Record excerpts below:

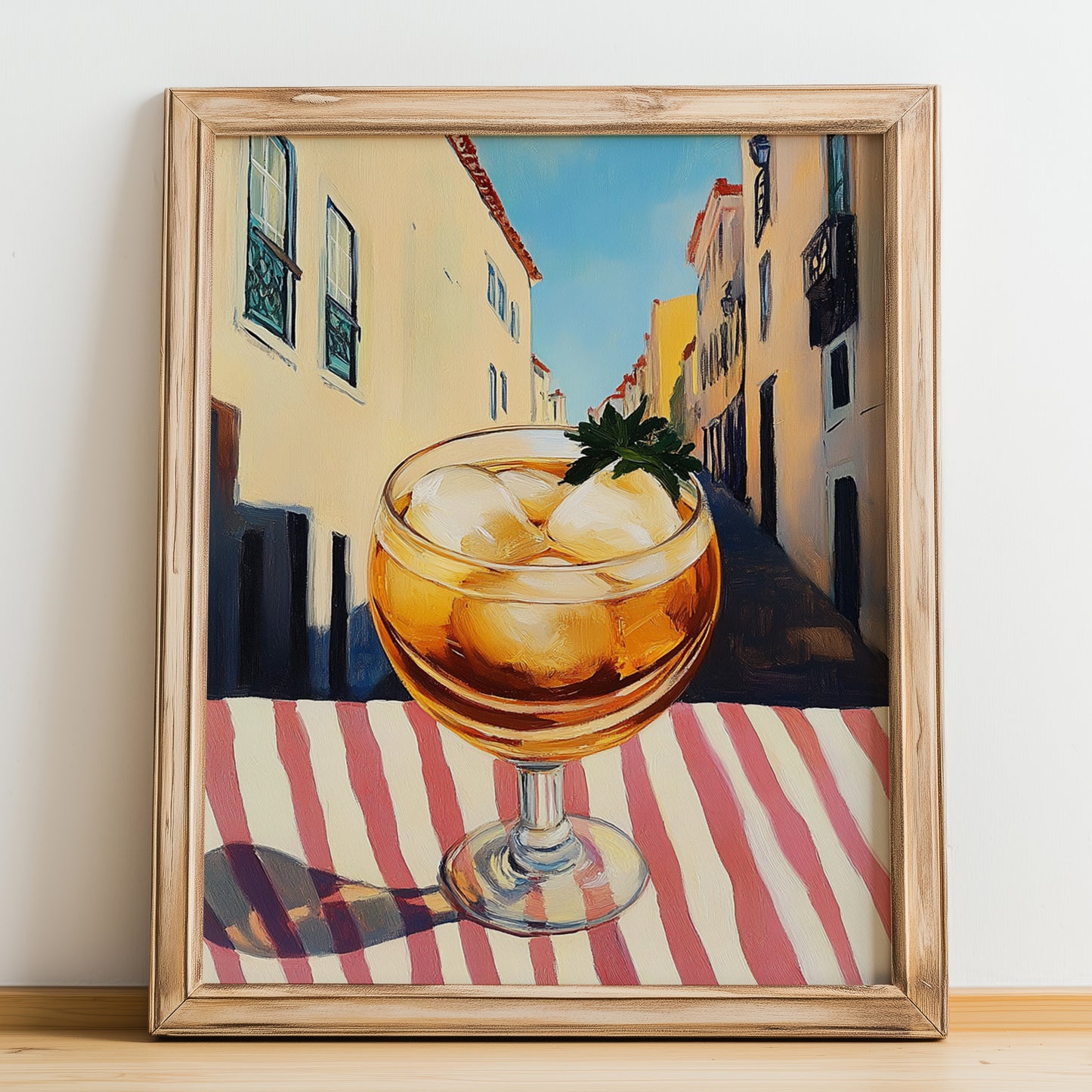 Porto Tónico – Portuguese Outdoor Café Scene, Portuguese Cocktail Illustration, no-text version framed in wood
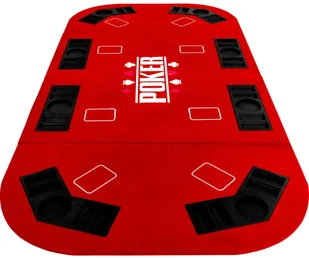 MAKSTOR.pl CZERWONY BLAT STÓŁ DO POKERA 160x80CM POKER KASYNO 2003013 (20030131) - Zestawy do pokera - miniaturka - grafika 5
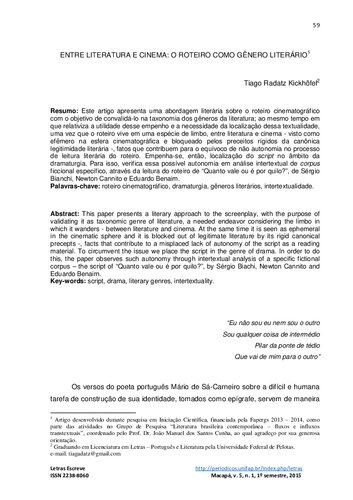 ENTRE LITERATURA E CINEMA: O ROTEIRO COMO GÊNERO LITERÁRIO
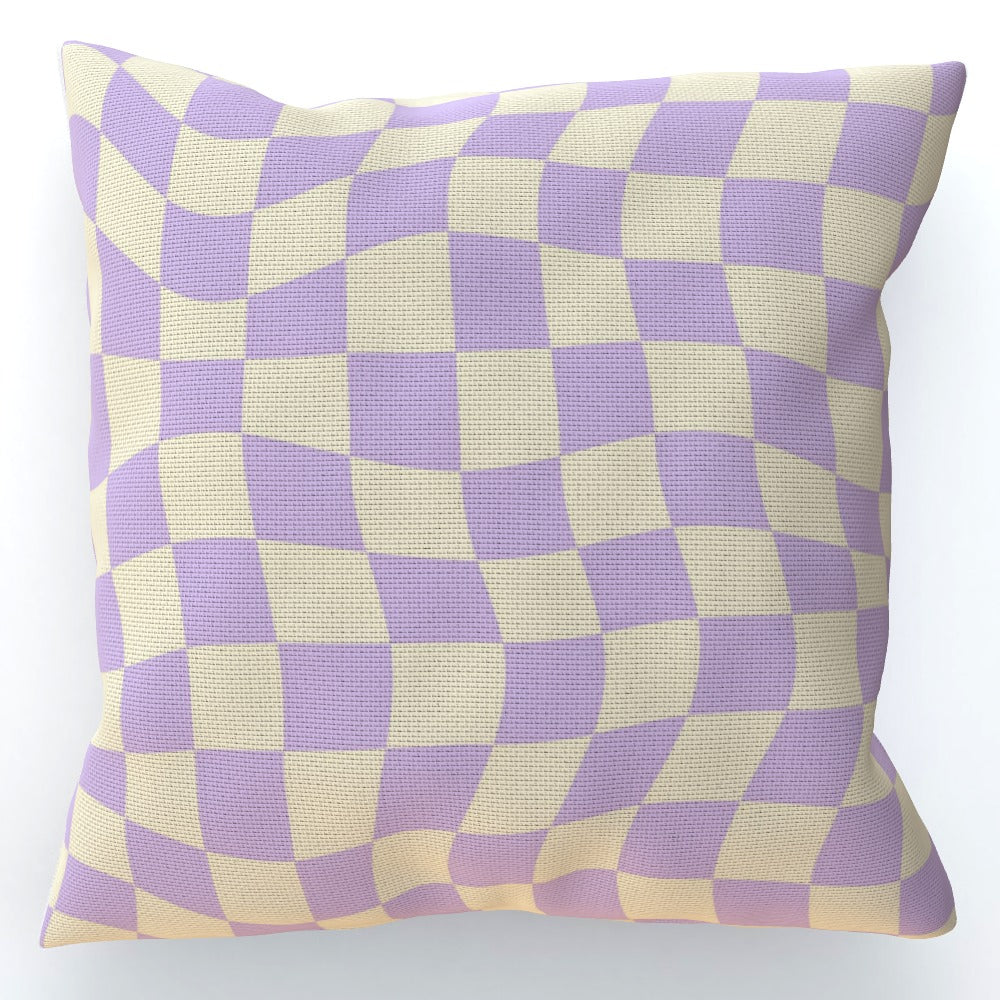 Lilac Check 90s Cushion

End of Record excerpts.
Record excerpts below:

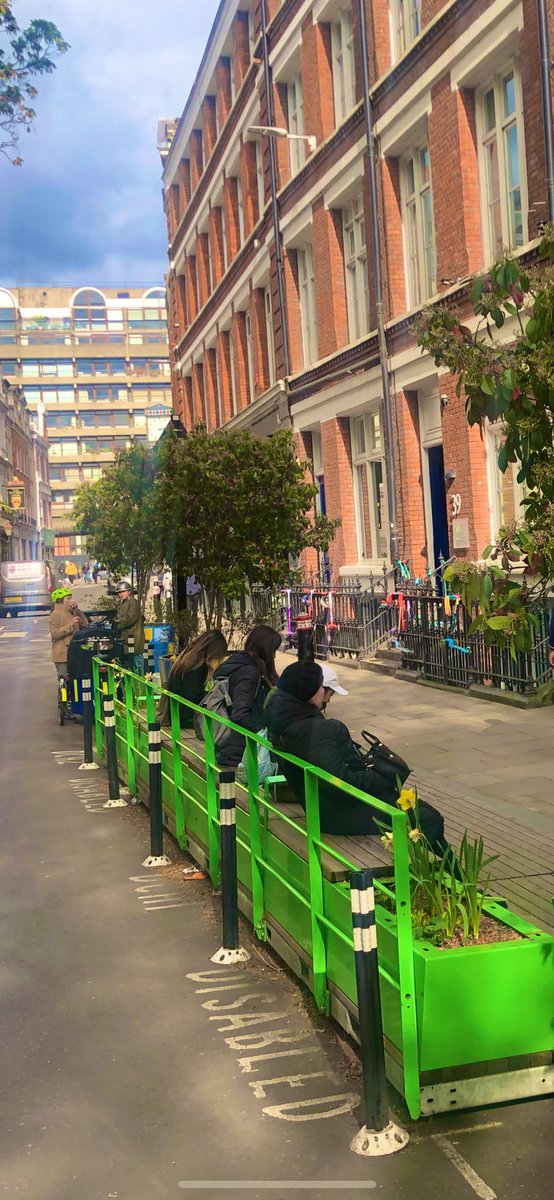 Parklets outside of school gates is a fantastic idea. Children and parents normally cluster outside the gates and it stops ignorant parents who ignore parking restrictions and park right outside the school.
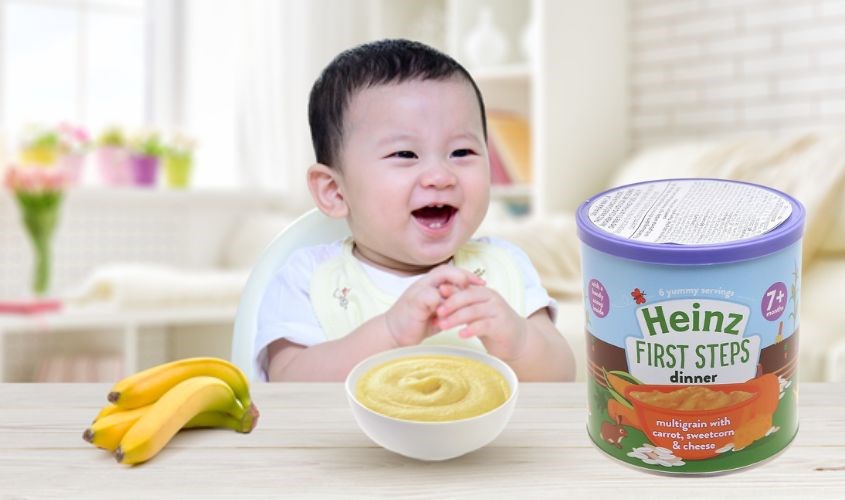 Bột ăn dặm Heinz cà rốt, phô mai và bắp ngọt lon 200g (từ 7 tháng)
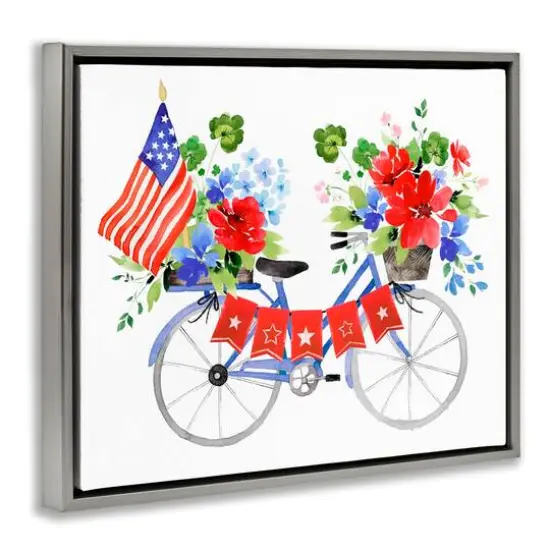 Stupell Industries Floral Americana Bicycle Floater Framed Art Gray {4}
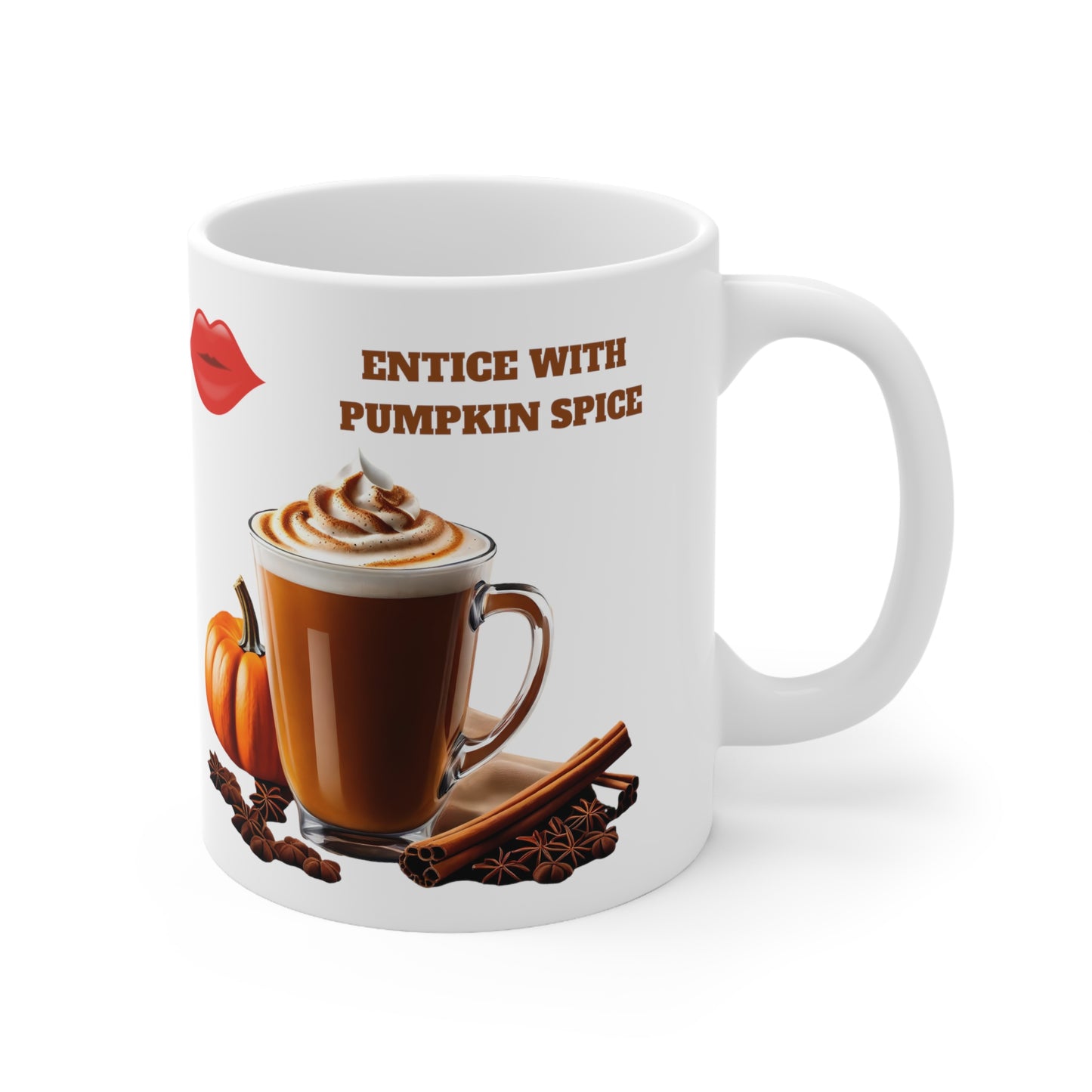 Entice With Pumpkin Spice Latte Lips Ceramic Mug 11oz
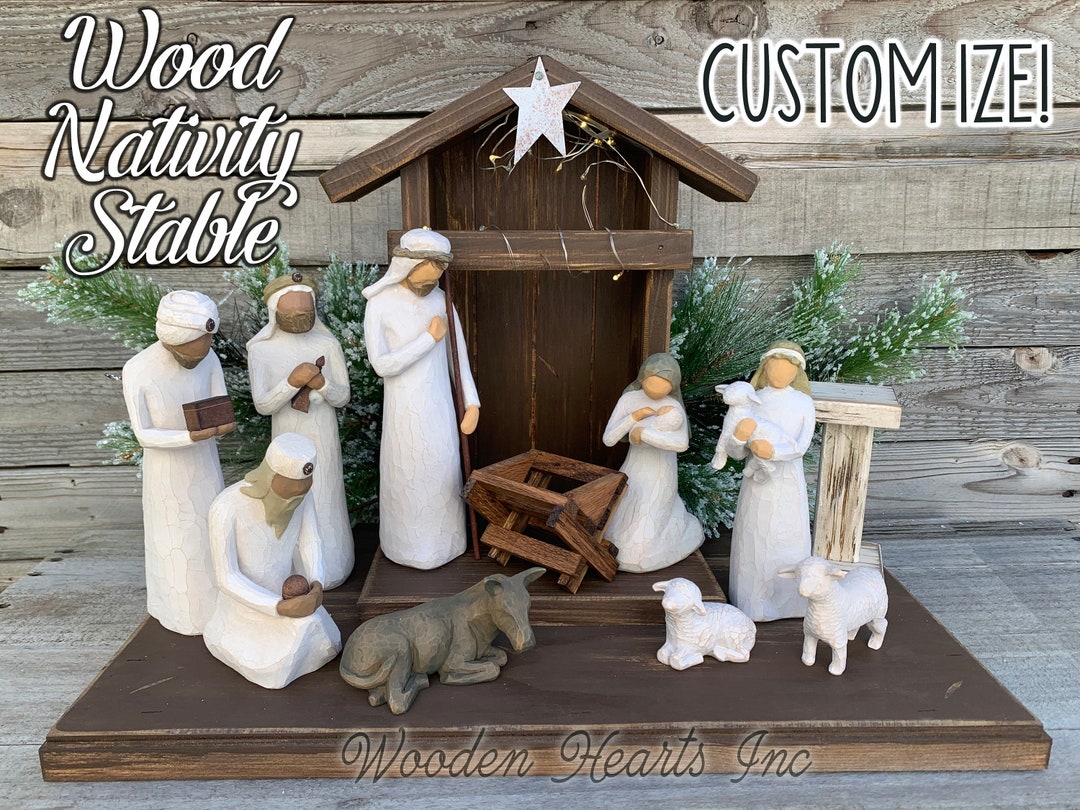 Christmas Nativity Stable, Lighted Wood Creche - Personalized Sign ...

End of Record excerpts.
Record excerpts below:

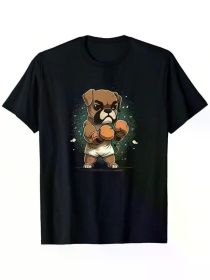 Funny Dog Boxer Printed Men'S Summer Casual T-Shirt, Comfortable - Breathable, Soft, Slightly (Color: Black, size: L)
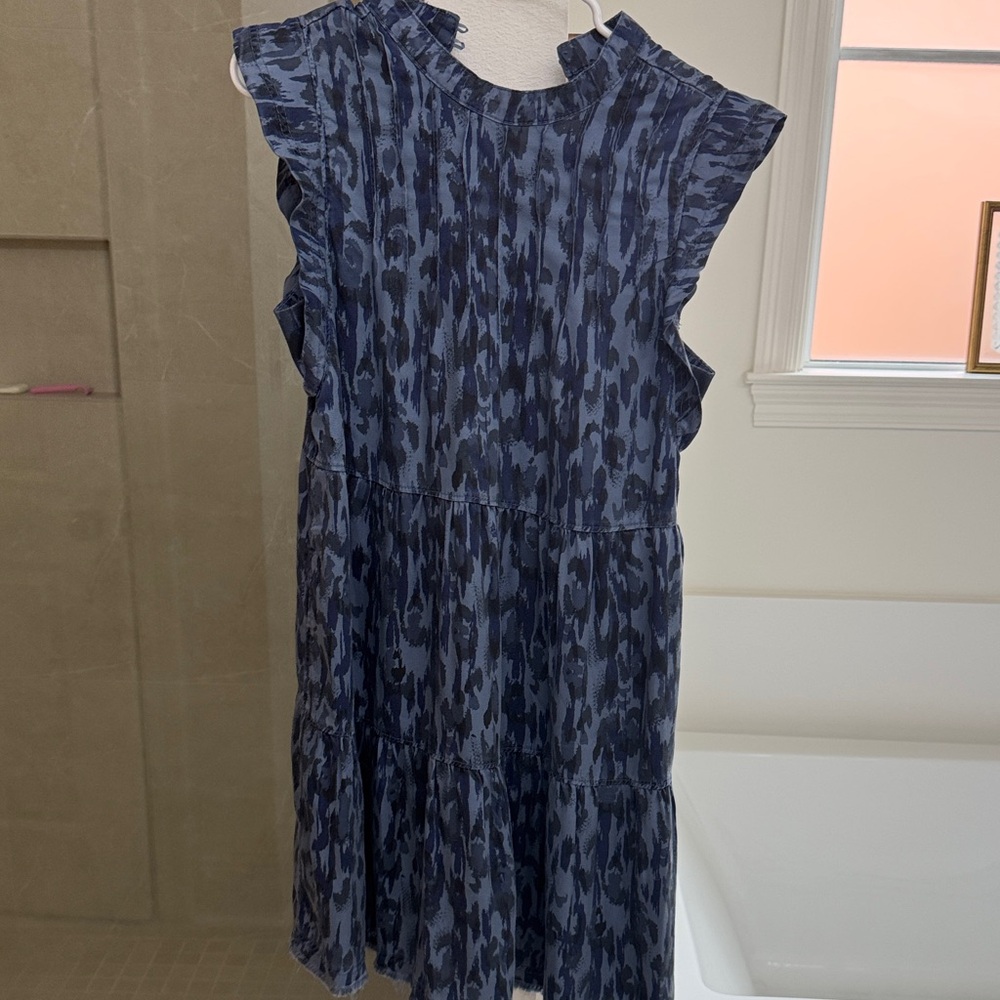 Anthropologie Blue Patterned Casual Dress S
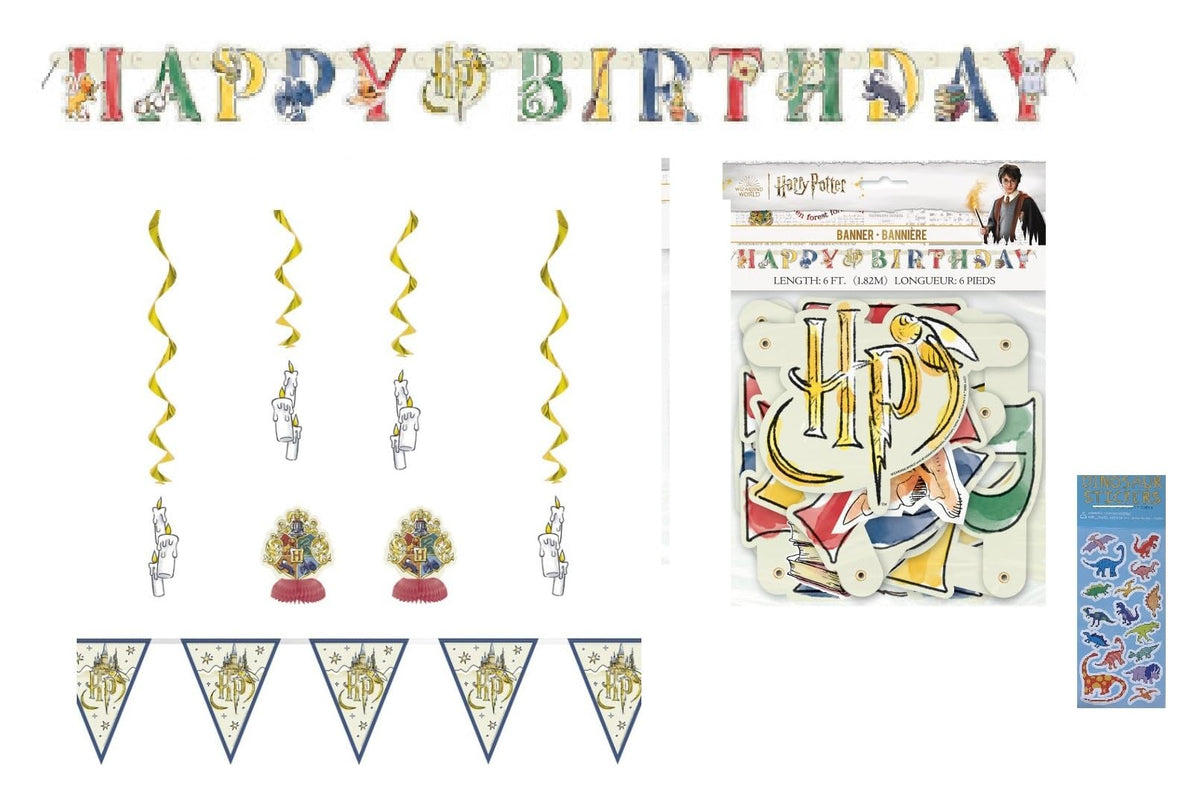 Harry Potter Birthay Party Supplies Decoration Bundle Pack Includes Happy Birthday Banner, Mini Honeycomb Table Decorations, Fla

End of Record excerpts.

* [Task]: Reproduce the data above exactly, but only from the line containing "Porto Tónico –" through the line containing "Lilac Check 90s Cushion". Omit all pictures.

* [Worked solution]:
 Porto Tónico – Portuguese Outdoor Café Scene, Portuguese Cocktail Illustration, no-text version framed in wood
 MAKSTOR.pl CZERWONY BLAT STÓŁ DO POKERA 160x80CM POKER KASYNO 2003013 (20030131) - Zestawy do pokera - miniaturka - grafika 5
 ENTRE LITERATURA E CINEMA: O ROTEIRO COMO GÊNERO LITERÁRIO
 Lilac Check 90s Cushion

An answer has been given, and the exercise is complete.